Mevlânâ Mest-i Aşk: Aşkın Gölgesinde Kendini Bulmak
Bazı filmler vardır ki, onlar bir hikâye anlatmaktan ziyade seyircisini bir tefekkür yolculuğuna davet eder. “Mest-i Aşk”, tam da böyle bir iddia ile yola çıkan, Mevlânâ Celaleddin Rûmî ve Şems-i Tebrîzî’nin ilahî aşkla yoğrulmuş dostluğunu perdeye taşıyan bir yapım. Ancak bu iddianın derinliği, ne yazık ki kimi anlarda teknik tercihler, senaryo kırılmaları ve oyunculuk performansları ile törpüleniyor.

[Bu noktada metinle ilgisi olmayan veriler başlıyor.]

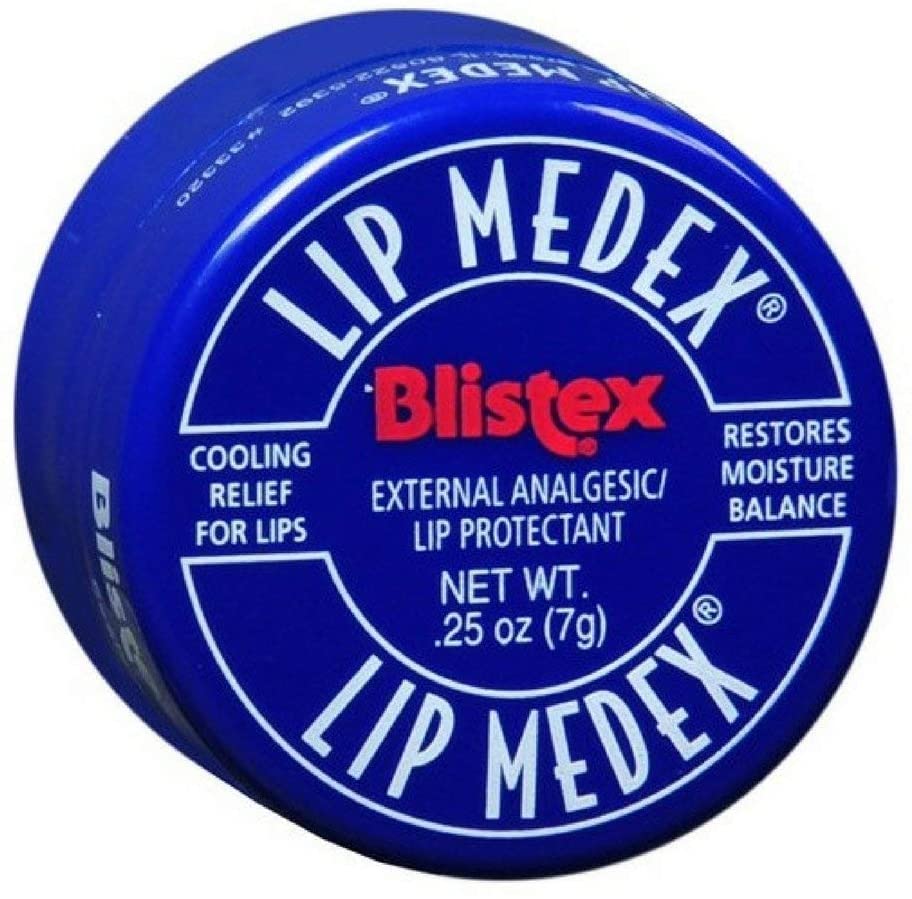 Blistex Lip Medex 0.25 oz – Pack of 24 | Quick Cooling Lip Relief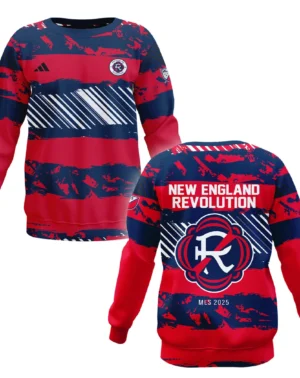 Soccer Sweatshirt MLS 2025 For Fans Sport HVN1097NER062825SW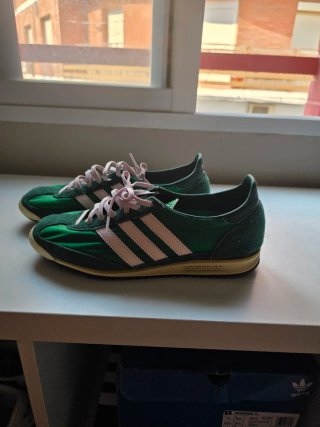 Zapatillas Adidas SL 72 Verdes
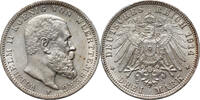 GERMANY (WÜRTTEMBERG) 3 Mark Wilhelm II -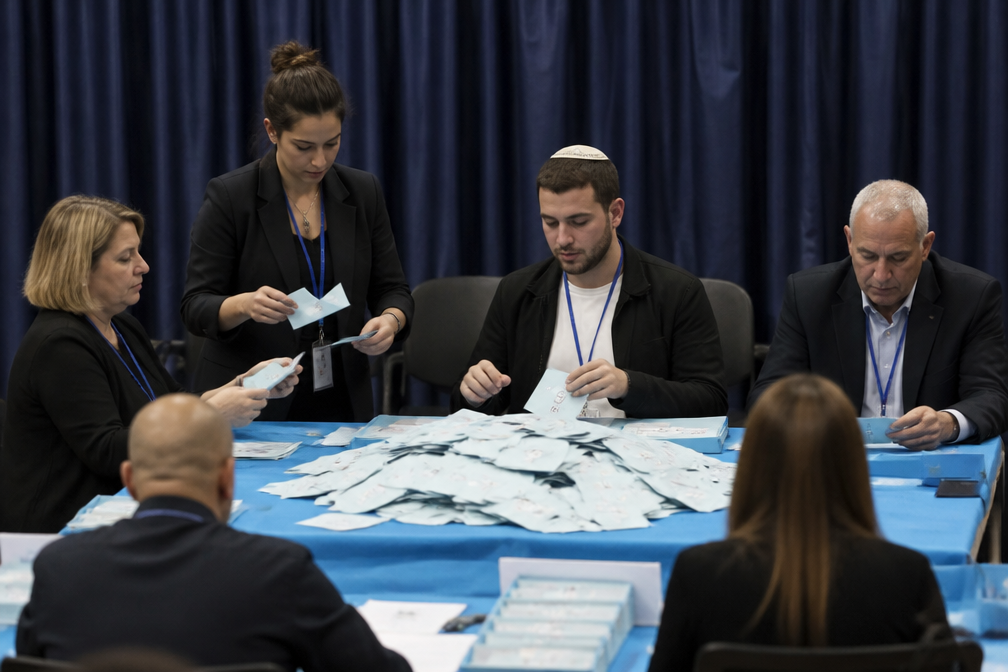 Likoed wint Israëlische verkiezingen, maar blok van Netanyahu mist meerderheid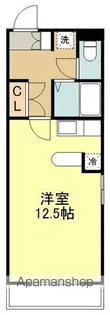 シェリノ長町【3階】の間取り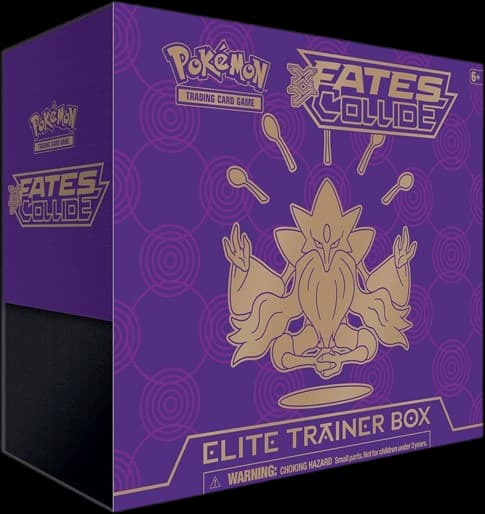 Fates Collide Elite Trainer Box – Elite Trainer Box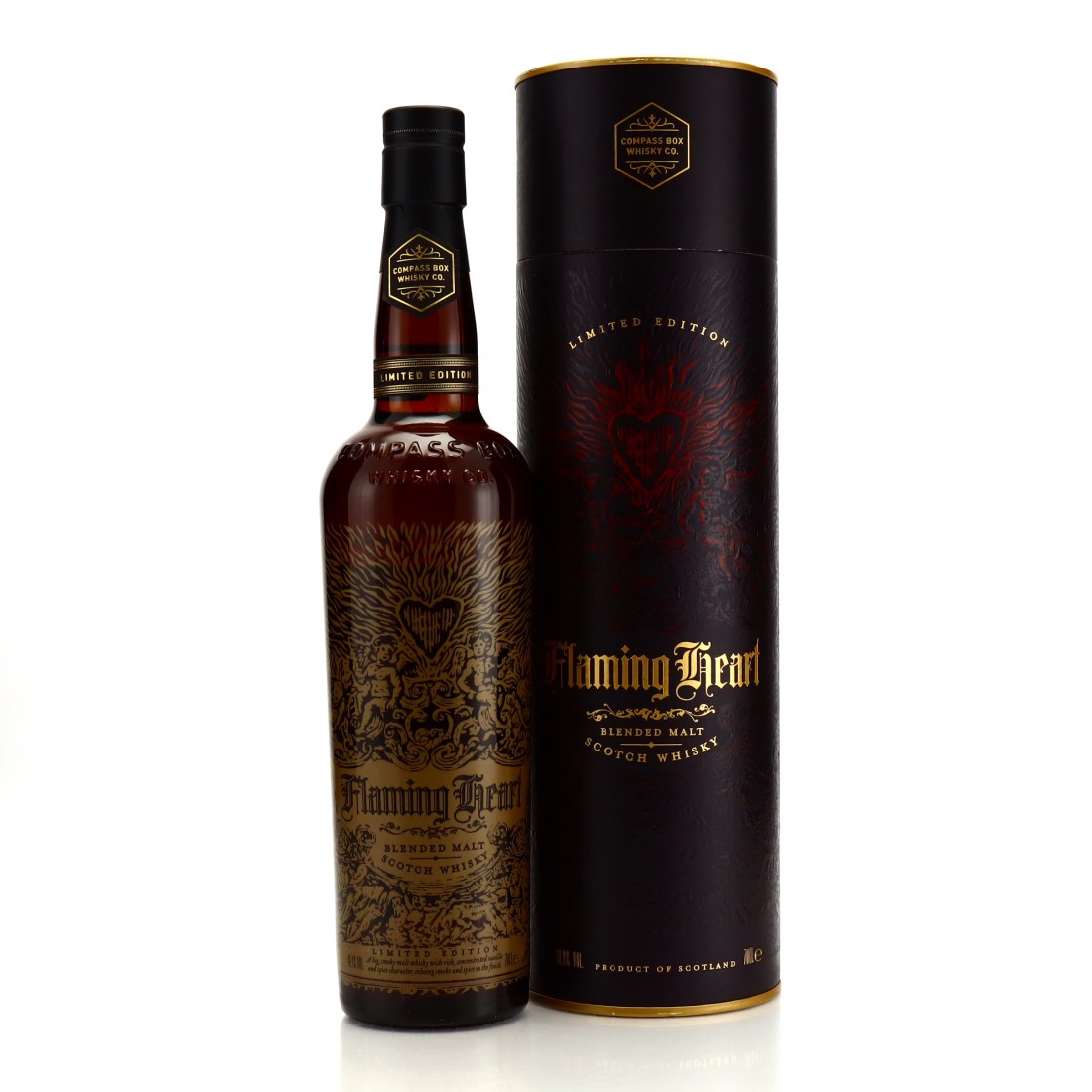 Compass Box Flaming Heart 2015 / 15th Anniversary Whisky Auctioneer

Filmde Halit Ergenç’in canlandırdığı Bahaeddin Veled, Mevlânâ’nın babası olarak hem hikâyeyi başlatan hem de ona yön veren ağırbaşlı bir figür. Tarihî kaynaklarda “Sultanü’l-Ulemâ” unvanıyla anılan Bahaeddin Efendi, Hz. Mevlânâ’nın ruhsal ve entelektüel temellerini de inşa eden bir mürşid ve düşünce adamı olmuştur.
Mevlânâ’nın düşünce dünyasının şekillenmesinde yalnızca babasının ilmî birikimi değil, yaşadıkları bu sürgün ve arayış yılları da etkili olmuştur. Halit Ergenç’in oyunculuğu, bu tarihsel derinliği sırtlamayı başaracak bir tonda ilerliyor. Karakter, diz çöktüren bir otoriteyle değil, içten içe sarsan bir bilgelikle izleyiciye yaklaşıyor. Filmde baba-oğul arasındaki ilişkinin yumuşaklığı, derin bir duygu içerisinde işlenmiş.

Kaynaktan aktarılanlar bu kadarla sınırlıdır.